↓↓↓

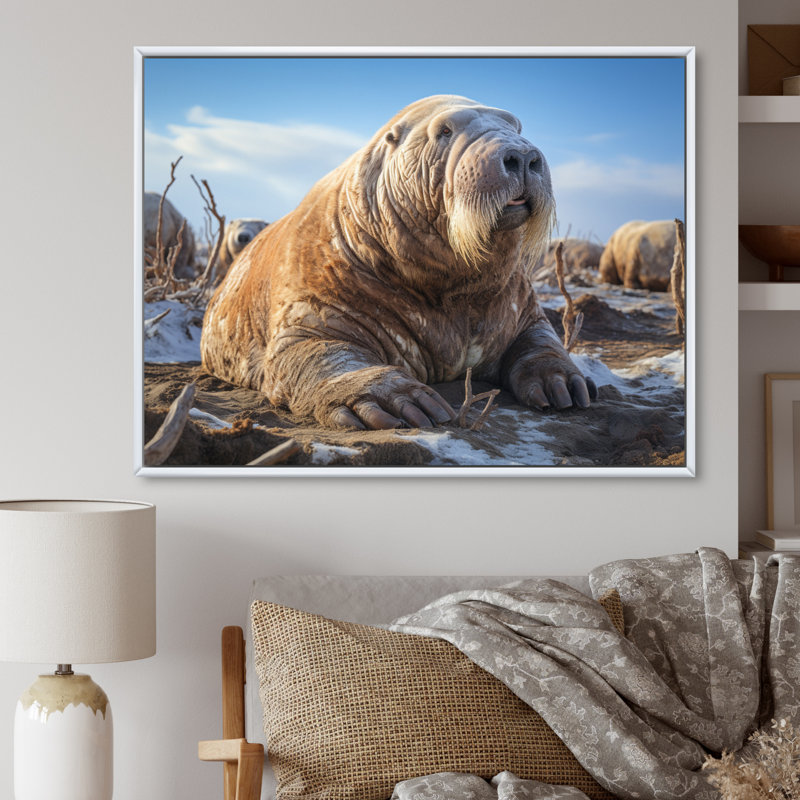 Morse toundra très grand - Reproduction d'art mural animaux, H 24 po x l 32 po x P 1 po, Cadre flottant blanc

↑↑↑
↓↓↓

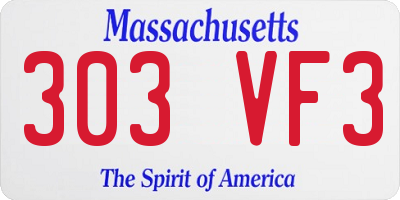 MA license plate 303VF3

↑↑↑
↓↓↓

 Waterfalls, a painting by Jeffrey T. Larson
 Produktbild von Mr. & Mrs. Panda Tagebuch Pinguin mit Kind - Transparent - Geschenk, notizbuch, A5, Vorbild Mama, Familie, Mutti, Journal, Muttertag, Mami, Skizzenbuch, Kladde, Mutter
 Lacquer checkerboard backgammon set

↑↑↑

TASK OBJECTIVE:
Go to the line with "Produktbild von Mr." in the entries above and repeat every line from there through the line with "Lacquer checkerboard backgammon set", exactly and with no other text.

ANSWER FOR THIS EXERCISE:
 Produktbild von Mr. & Mrs. Panda Tagebuch Pinguin mit Kind - Transparent - Geschenk, notizbuch, A5, Vorbild Mama, Familie, Mutti, Journal, Muttertag, Mami, Skizzenbuch, Kladde, Mutter
 Lacquer checkerboard backgammon set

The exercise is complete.